(cba:news) Stars of the Equinox

Joe Patterson jop at astro.columbia.edu
Sun Mar 9 14:05:36 EST 2003


Dear CBAers,

Orion still rides high in the evening sky, the snow is still on the
ground, and Olde Whiteface is gearing up for yet another assault on the
night.... But the temperature threatened 50 yesterday, the PGA moved back
East, George Steinbrenner has failed to destroy baseball for yet
another week, and spring break is a week away!  So things are lookin' up.

Time for a major overhaul of CBA targets.  Both UMa7 and HQ Mon have
yielded some fairly disappointing light curves, not things you want to
show your mom.  But a power spectrum indicates that UMa7 is actually
delivering the goods, showing multiple periods.  Part of the reason
for the ugly light curves is the beating of incommensurate frequencies
with similar amplitudes.  This is the work of Tonny, David Messier,
Jerry Foote, and Brian Martin.  Tonny will announce the result when he's
ready... but for now the important thing is to vault UMa7 up there as the
top target for northern observers.  With that lovely location (1004+66)
and adequately bright (about 15.2), it should survive the onslaught of
moonlight pretty well.

10 04 34.69  +66 29 14.6 (2000), for the record.  The best comp appears to
be GSC 4143:823, if it's convenient to get it on the chip.  We can live
with other comps, though, if you document things pretty well.

HQ Mon is different.  Not yet suitable for either your mom *or* the
astronomical journals (whose standards are obviously lower).  Lew Cook,
Robert Rea, and Tom Krajci have been pounding away on it.  But with HQ's
equatorial location and (slightly) unfavorable season, the individual runs
have been not as long as we'd like, and the star's period turns out to be
near 8 hours - a tough one for us!  Plus the star waffles around with
a ~0.5 mag variation on a timescale of a few days, which seems to
disturb the amplitude of the faster signal.  Very tough.  Just for the
(informal) record, the photometric signal is likely to be at 7.59+-0.08
hours - but I'd hate to have to prove it!  So we'll RETIRE HQ Mon until a
future observing season.

So the Q-Mon boys, HQ and KQ, have survived CBA attack for yet another
year.

The prime SOUTHERN target should now be EC11588-3142 ("Hya" in the CV
Catalogue).  The first looks by Lew and Bob Rea (and Berto) are
exceptionally promising.

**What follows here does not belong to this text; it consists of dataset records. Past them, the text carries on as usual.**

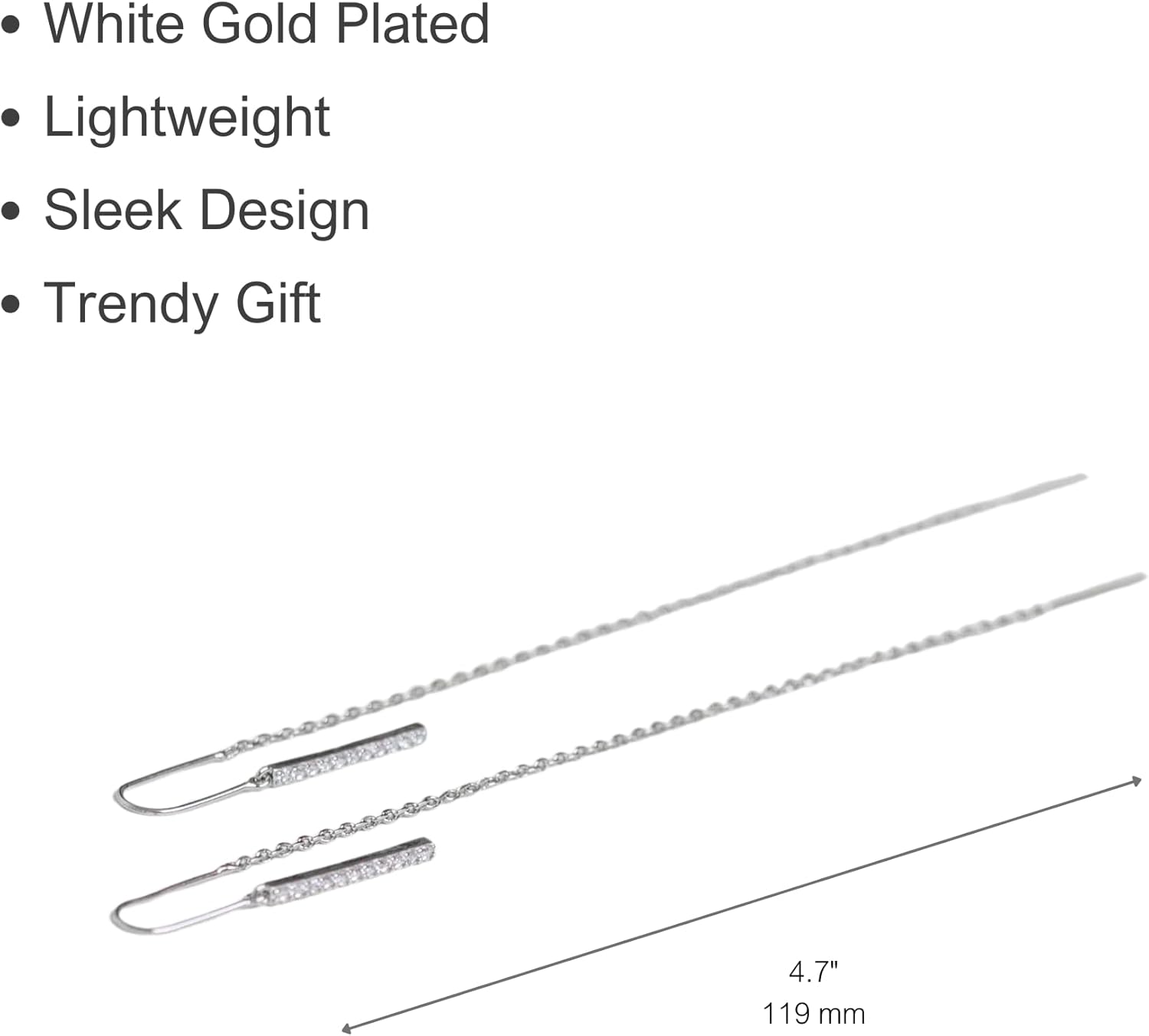 Benevolence LA Gold Dipped Threader Earrings for Women, Pull Through Long Chain Hanging Dainty Drop Earrings, Lightweight Fashion Jewelry, Versatile Everyday Wear, Gift Ready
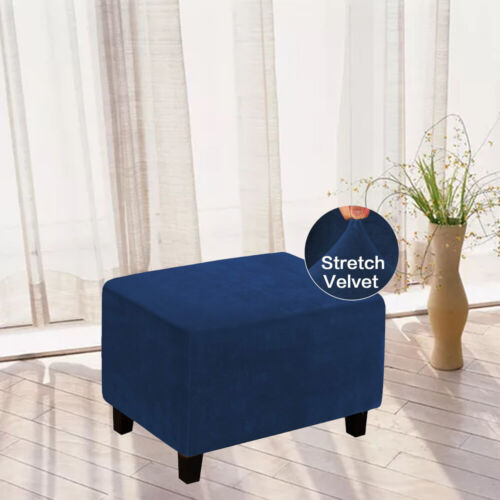 Ottomane Bezug Samt Plüsch Hoch Stretch Fußhocker Schonbezug Schutz Rechteckig - Bild 30 von 73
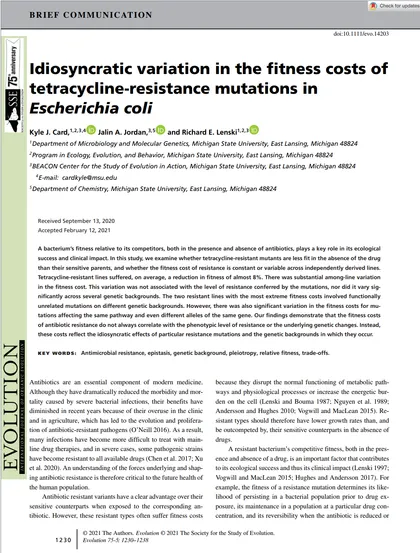 First page of "Idiosyncratic variation in the fitness costs of tetracycline-resistance mutations in Escherichia coli.", Evolution (2021)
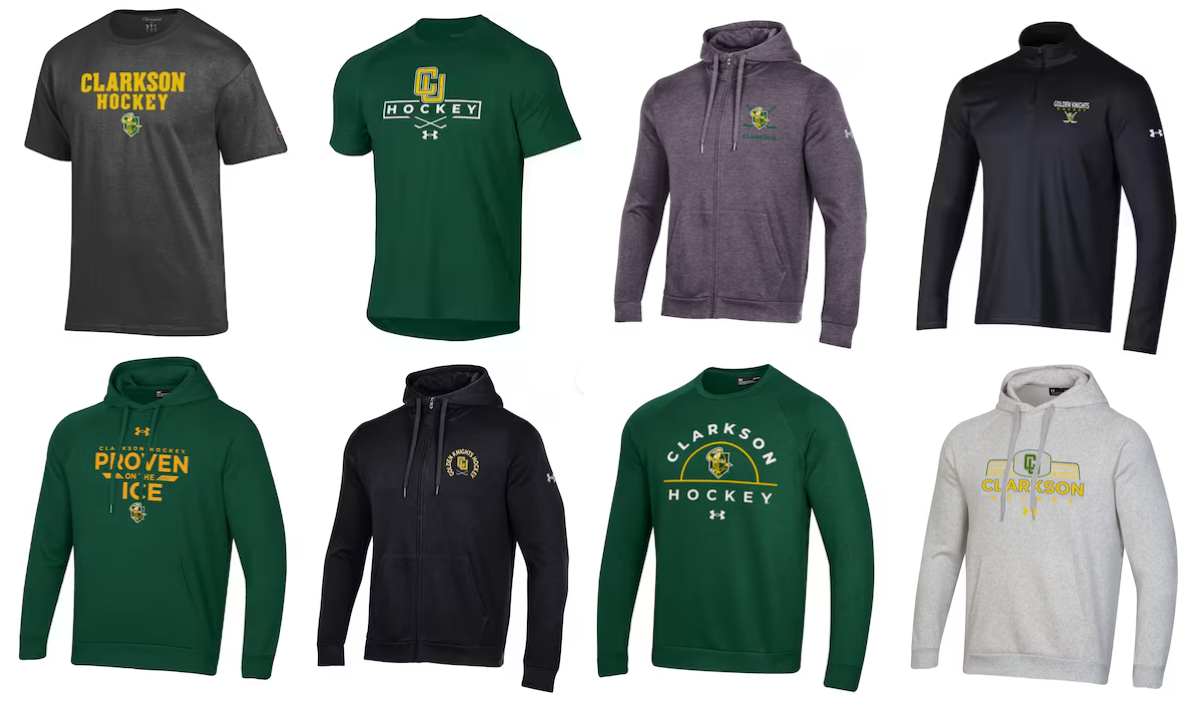 New Clarkson Golden Knight merchandise available at the bookstore; includes green, gold, gray and black colored t-shirts, long sleeve shirts, hoodies, and quarter zip sweatshirts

It's bright enough (13) to survive moonlight and
well placed in the sky.  We need LONG runs to decipher its timescales of
variation.  First indication is something like (~15 minute flickering, ~4
hr signal, maybe ~4 day signal)... kind of CBA blue-plate special for a
long campaign.  I hope that observers in the southern USA will consider
this one too - even a 2-hour run might bridge the gap between the southern
observers and thereby give us our round-the-world calibration (we still
have no one in South America).

12 01 24.35   -31 59 26.8 (2000) for the record.  GSC 7235:1420 and
7235:1435 are both very acceptable comps.


So those are the big ones.  Here are the others:

SOUTHERN.  T Pyx: we need one more set of orbital light curves (about a
week's worth).  That'll nail down the orbital phase to high precision
until next year.  (Unless it erupts, of course.)

WX Cen.  A probable supersoft, quite bright and crying out for another CBA
campaign.

NORTHERN.  EC11588-3142: well, I hope you can do it.  However, I hear you
can't get blood from a turnip.

V405 Aur and PQ Gem: DQ Her stars in need of late-season pulse timings.
Perfect for a few hours in the evening.

FS Aur: a mystery star, out of season but we're trying to phase up its
strange 3.5 hour variation over the past 5 years.  Off-season timings are
of particular value in that enterprise - but they do have to be ~3 hrs
long.

Well, that's the menu.  See what tasty things you can find in it!